Chapter Six

Sean

When Tilly had left the first time, a hole had opened up in their lives.

That was a bit dramatic, really. But they had been nineteen; dramatic was what they all did.

Evie had struggled the most, though.

She’d panicked, if Sean was being totally honest.

It had been dark for hours when she’d arrived at Sean’s door, hammering on the wood.

Tilly had been gone since the day before.

None of them had heard from her.

She didn’t have a mobile phone, one of the only people who didn’t in 2007. There was no note. No one had seen her.

Sean had a feeling. He couldn’t tell where it came from, but it rose up out of nowhere and refused to go away.

She’d run.

Evie thought something had happened to Tilly. She called the police, who side-eyed each other at the missing backpack, wallet, an empty drawer.

They didn’t take Evie seriously.

For two weeks, Evie and Sean had scoured Perth. Evie put up signs.

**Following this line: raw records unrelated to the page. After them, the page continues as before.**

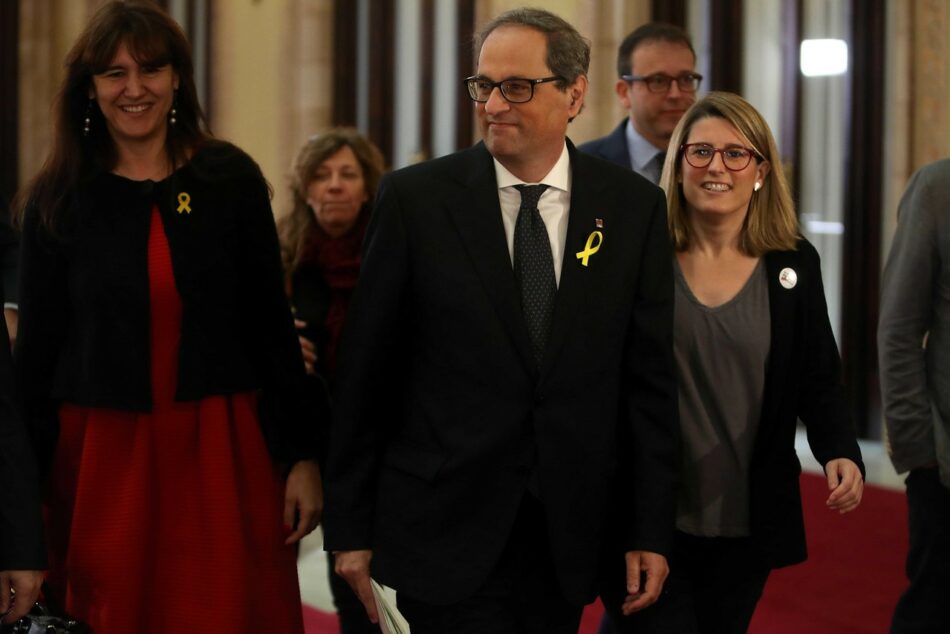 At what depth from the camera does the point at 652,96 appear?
14.5 ft

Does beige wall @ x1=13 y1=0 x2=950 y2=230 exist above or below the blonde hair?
above

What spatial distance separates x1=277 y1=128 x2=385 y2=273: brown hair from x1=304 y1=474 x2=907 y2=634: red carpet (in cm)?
160

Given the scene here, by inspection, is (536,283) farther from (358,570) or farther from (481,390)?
(358,570)

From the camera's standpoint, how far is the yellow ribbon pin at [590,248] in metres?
2.63

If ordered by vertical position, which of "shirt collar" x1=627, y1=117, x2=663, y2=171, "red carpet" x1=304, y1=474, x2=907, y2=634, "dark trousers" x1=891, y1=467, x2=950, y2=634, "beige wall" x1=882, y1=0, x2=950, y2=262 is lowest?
"red carpet" x1=304, y1=474, x2=907, y2=634

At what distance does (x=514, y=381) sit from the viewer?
258cm

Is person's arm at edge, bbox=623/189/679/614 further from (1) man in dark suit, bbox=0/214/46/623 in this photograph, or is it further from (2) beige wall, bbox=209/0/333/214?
(2) beige wall, bbox=209/0/333/214

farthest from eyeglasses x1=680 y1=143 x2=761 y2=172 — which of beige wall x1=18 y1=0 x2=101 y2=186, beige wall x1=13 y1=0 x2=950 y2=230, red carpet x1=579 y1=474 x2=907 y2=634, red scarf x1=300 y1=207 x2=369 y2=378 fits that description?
beige wall x1=18 y1=0 x2=101 y2=186

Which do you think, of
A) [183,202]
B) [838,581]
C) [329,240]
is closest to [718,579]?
[183,202]

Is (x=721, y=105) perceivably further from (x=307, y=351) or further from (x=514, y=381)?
(x=307, y=351)

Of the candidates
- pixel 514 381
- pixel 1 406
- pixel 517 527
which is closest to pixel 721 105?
pixel 514 381

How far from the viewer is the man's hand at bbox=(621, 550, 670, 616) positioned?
269 centimetres

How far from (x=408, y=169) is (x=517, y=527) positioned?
2.54ft

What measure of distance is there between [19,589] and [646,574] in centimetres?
125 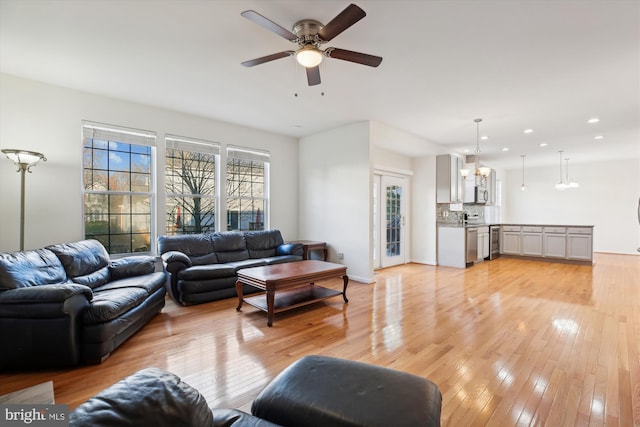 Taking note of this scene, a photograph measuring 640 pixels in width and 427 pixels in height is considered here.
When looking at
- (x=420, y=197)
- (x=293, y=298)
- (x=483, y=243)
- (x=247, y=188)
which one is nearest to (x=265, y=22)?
(x=293, y=298)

Black shadows were smudged under her eyes and Sean stayed in her room more nights than not, trying to hold her together. And he was worried too, of course. But he was worried because he saw what the police saw. And he was worried because he saw Evie and her shattered heart and utter, stone cold belief that Tilly wouldn’t leave without telling her.

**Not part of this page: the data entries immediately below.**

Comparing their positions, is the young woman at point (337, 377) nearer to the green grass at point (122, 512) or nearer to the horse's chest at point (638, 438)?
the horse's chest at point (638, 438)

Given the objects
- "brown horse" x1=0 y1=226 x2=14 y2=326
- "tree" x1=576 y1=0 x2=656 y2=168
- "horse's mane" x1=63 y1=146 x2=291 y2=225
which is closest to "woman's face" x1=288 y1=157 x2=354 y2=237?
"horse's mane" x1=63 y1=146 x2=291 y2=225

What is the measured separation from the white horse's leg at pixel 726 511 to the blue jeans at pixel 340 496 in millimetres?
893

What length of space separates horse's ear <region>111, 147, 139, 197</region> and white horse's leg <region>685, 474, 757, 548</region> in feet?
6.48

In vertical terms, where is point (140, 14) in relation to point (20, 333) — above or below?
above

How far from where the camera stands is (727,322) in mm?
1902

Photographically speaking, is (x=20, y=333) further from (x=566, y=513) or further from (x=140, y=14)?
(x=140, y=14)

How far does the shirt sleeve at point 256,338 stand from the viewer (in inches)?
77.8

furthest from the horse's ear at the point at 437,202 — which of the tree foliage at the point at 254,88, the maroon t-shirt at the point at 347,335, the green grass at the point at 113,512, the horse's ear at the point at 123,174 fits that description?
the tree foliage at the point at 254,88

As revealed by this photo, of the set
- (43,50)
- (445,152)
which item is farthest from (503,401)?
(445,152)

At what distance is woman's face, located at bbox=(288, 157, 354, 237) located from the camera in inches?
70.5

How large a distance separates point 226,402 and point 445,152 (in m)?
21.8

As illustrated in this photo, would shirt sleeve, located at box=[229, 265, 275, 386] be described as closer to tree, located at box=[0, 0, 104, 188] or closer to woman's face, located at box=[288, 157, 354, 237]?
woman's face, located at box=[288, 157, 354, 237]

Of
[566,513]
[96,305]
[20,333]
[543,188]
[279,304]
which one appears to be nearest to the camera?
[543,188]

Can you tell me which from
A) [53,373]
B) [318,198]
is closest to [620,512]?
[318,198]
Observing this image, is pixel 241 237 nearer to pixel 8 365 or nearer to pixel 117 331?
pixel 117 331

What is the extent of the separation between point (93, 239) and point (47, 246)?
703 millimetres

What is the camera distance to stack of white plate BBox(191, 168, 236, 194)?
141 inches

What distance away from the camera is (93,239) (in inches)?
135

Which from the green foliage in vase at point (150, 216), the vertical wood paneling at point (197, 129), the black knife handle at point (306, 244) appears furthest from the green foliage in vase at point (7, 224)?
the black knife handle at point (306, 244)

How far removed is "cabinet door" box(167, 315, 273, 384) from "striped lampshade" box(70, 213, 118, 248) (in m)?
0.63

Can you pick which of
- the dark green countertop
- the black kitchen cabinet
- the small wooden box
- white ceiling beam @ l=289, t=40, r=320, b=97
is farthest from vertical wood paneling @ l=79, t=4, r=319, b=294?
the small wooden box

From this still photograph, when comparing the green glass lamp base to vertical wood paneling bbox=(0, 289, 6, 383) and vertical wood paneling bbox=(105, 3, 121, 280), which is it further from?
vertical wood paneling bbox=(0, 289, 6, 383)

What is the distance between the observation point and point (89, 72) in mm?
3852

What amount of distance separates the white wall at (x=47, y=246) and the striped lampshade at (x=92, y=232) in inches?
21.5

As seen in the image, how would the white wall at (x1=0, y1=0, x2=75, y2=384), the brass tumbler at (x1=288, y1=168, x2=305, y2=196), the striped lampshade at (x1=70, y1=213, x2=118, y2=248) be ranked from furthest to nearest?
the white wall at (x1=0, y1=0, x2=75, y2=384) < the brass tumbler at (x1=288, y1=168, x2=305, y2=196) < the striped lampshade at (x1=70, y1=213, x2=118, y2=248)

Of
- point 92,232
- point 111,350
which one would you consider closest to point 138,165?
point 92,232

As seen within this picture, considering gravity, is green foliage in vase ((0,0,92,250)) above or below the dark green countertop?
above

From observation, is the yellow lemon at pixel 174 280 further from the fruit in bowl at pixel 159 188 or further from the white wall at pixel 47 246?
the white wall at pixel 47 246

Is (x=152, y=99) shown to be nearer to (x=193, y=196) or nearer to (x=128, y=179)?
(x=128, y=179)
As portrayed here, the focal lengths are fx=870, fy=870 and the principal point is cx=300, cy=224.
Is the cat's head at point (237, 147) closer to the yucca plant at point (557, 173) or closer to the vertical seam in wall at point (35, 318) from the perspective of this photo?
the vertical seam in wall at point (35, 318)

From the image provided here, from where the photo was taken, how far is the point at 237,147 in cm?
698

He saw first love scrawled over her face, because Evie wasn’t able to hide it, and dread spread in his body like a bad cold, setting up to come back again and again because love like that could break a person.

Tilly, as much as he loved her, could break a person.

She’d come back sheepish, shock on her face at the anger on Evie’s. She came back with a medical certificate procured to get her out of trouble with the university and a hand rubbing at the back of her neck.

She came back to a lecture in a bar from Sean, because Evie may have loved Tilly, but Tilly loved Evie right back, and if she was going to pull games like disappearances, he was going to warn her not to play with Evie’s heart.

He didn’t know what was sadder: that Tilly couldn’t promise to stick around because of some reason she refused to share. Or that Tilly had already buried her love for Evie because she couldn’t do the one thing that would bring her so much happiness.